Price tag on Sinn Fein’s pet project could end up dwarfing the expense of RHI debacle, writes Nelson McCausland

In recent weeks there has been a lot of talk by Gerry Adams and others about an Irish Language Act and it is one of their top political demands. But they rarely spell out what it really means and they never talk about the cost. Either they don’t know or they don’t want to admit it, so perhaps I can help them.

When former Sinn Fein Culture Minister Caral Ni Chuilin launched her consultation on an Irish Language Act in 2015 she was interviewed on Radio Ulster and was asked how much it would cost.

She replied: “We don’t know what the cost is going to be.” Two years later and Sinn Fein has still failed to provide the costs.

Sinn Fein wants Irish to be made an official State language alongside English, and that would be set down in the Act. It also wants Irish to be placed alongside English in the Assembly, the court system, public bodies and everything from buses to road markings.

You may remember those documents produced by Sinn Fein Education Ministers and sent out to every school in Northern Ireland. They were bilingual, in Irish as well as English, and you got them whether you wanted them or not.

It often held things up because translation takes time, but that didn’t matter to the cultural warriors of Sinn Fein. It had a point to make. That was schools, but its plan is to roll that sort of thing out across every area of public life.

It would require detailed work to get an exact figure, but we can get a good estimate by looking at the costs associated with the Welsh Language Act, which is a model often referred to by Irish language activists.

We can start with local councils. Torfaen in south Wales is a small council with a population of just 91,000.

In order to meet its obligations, it  employs four Welsh language officers and estimates that the total cost per year is around £868,000.

With larger councils in Northern Ireland, it would be reasonable to estimate a cost per council of around £1m. Across the 11 councils alone, that would be an annual ongoing cost of £11m year after year.

Then there is the cost to Government departments and public bodies, such as the Housing Executive, Education Authority and Library Authority, as well as the PSNI and the Court Service.

Moreover, translating technical and legal documents requires very special language skills.

It cost around £10m in training translators when Irish was made an official EU language.

So, we are talking about an annual cost that can be estimated at around £100m a year. That is £2bn over the next 20 years.

In case anyone imagines that this will be optional, Sinn Fein is demanding an Irish Language Commissioner with legal powers to police the Act and compel the entire public sector to meet the Irish language obligations imposed on it, with Irish/English documents, Irish/English websites, Irish-speaking staff and simultaneous translation.

This would undoubtedly generate legal challenges, with litigants claiming legal aid. Language warriors and lawyers would have a field day at the expense of everyone else.

It also proposes Gaeltacht areas in Northern Ireland similar to those in the Irish Republic.

There, the road signs and most other things are in Irish only and some housing is only available to people who speak Irish.

Such areas also receive preferential public spend and have their own oversight body, Udaras na Gaeltachta.

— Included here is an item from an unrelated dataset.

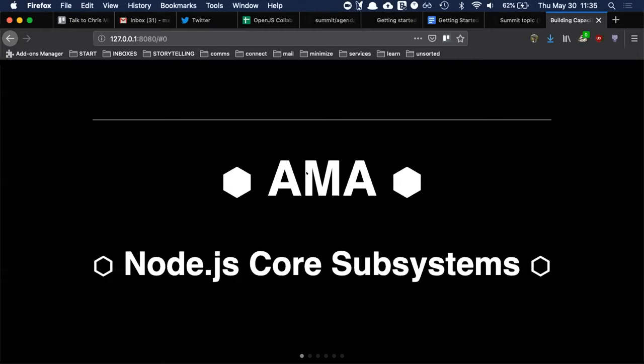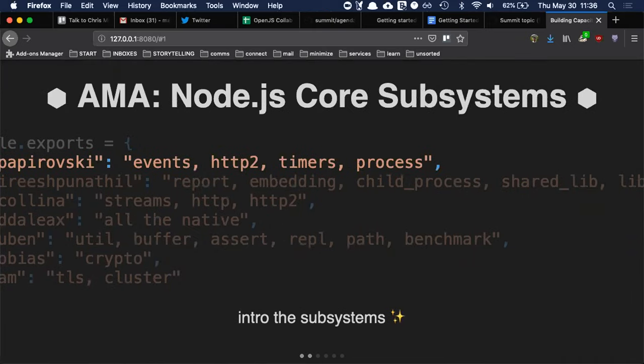Hey folks, AMA for subsystems starting now. Thank you Joey for suggesting that we do this. I think this is a wonderful idea and really productive. This is going to be the format for it. We hit up a bunch of folks and a bunch of folks volunteered in the issue to introduce a subsystem that they find themselves familiar with, and then we'll open up to questions.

Of course, there would be hundreds of jobs created for Irish speakers across all our councils, departments and public bodies. Remember that little council in Wales with four Welsh language staff.

At present it is talking about the public sector, but remember that the public sector is just the starting point, and that the private sector would be next.

It’s no wonder Sinn Fein and the SDLP don’t want to talk about the cost.